I was completely sure that I had a case for it, but I am not able to produce it actually -- so I deleted it for now.

================
Comment at: llvm/test/Transforms/AggressiveInstCombine/lower-table-based-cttz-basics.ll:123
+
+define i32 @ctz7(i32 %x) {
+; CHECK-LABEL: @ctz7(
----------------
spatel wrote:
> This is identical to the previous test, so it is not adding value here.
> 
> I realize that the source example it intended to model is slightly different. If you want to verify that we end up with cttz from the IR produced by clang, then I'd recommend adding a file to test/Transforms/PhaseOrdering and "RUN -O3". 
> 
> When I create tests like that, I grab the unoptimized IR using "clang -S -o - -emit-llvm -Xclang -disable-llvm-optzns". Then reduce it by running it through "opt -mem2reg", so it's not completely full of junk IR.

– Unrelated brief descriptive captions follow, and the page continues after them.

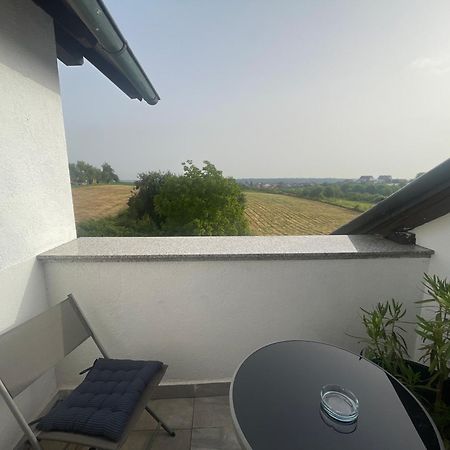 Vila Milka - Balkon - Besplatan Parking - Samostalna Prijava Karlovac Buitenkant foto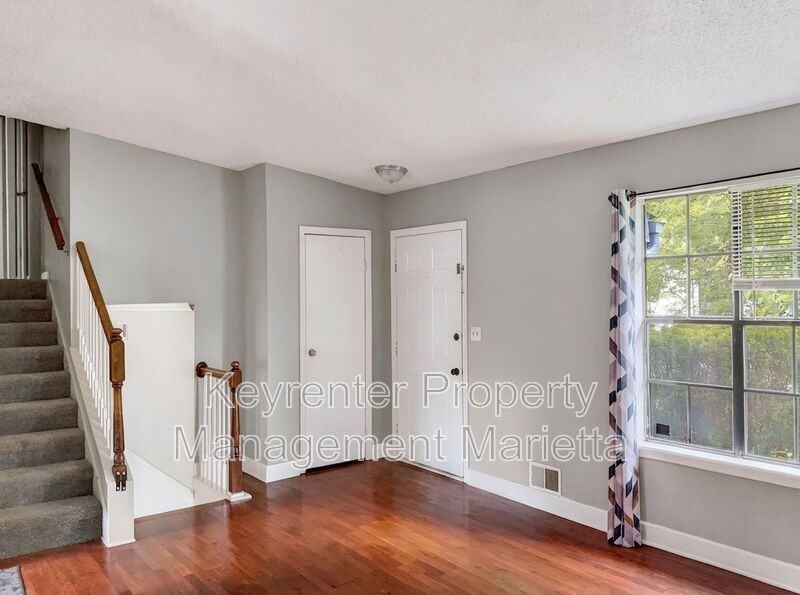 393 Cedar Trce Sw - Photo 3 of 14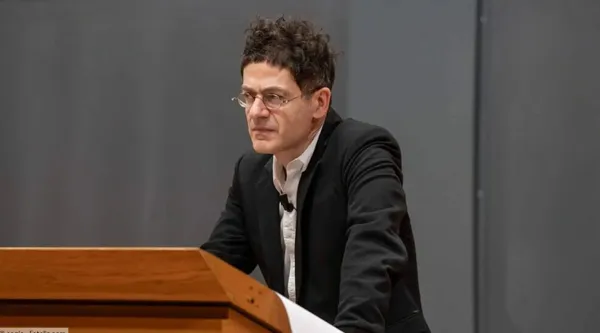 Un saison avec Wajdi Mouawad Un obus dans le coeur Salles-Courbatiès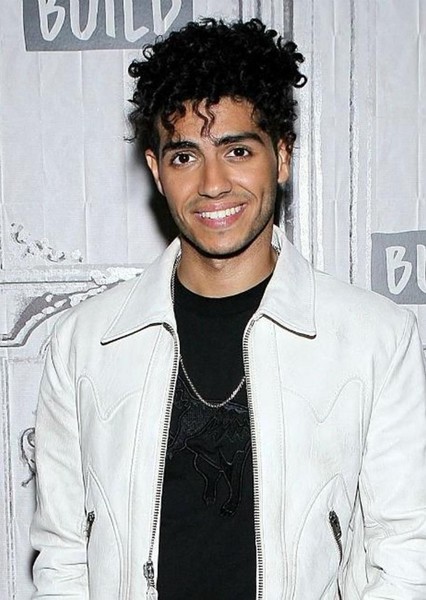 Mena Massoud photo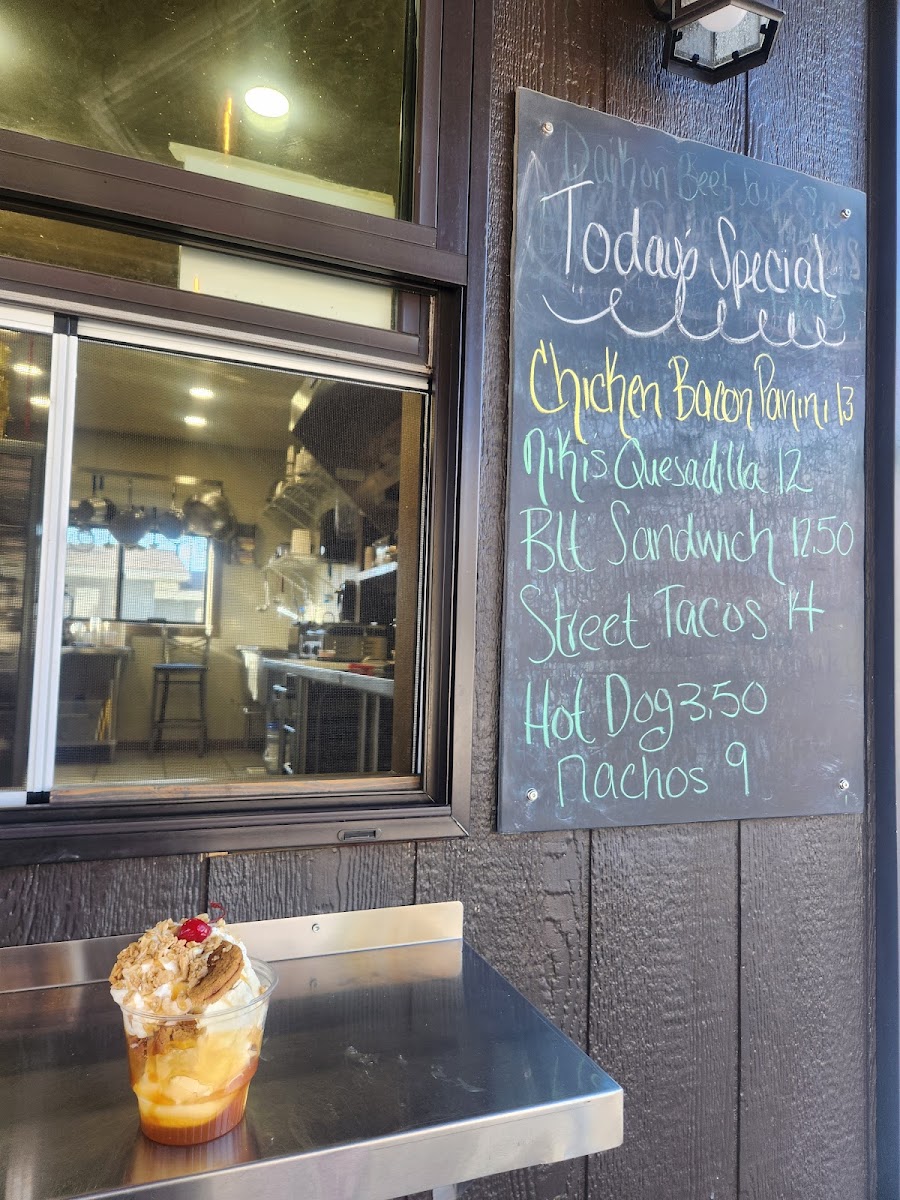 Fizzy's Walk-Up Eatery & Catering menu board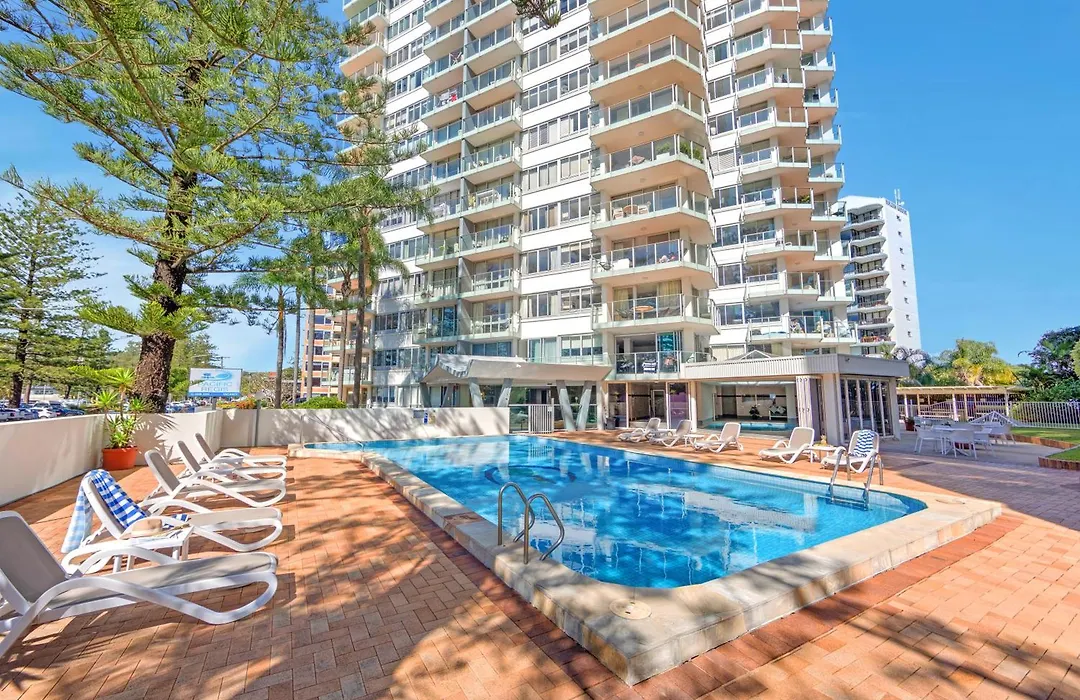 Pacific Regis Beachfront Holiday Apartments-1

> This is identical to the previous test, so it is not adding value here.
Right, thanks!

>I realize that the source example it intended to model is slightly different. If you want to verify that we end up with cttz from the IR produced by clang, then I'd recommend adding a file to test/Transforms/PhaseOrdering and "RUN -O3".
>
>When I create tests like that, I grab the unoptimized IR using "clang -S -o - -emit-llvm -Xclang -disable-llvm-optzns". Then reduce it by running it through "opt -mem2reg", so it's not completely full of junk IR.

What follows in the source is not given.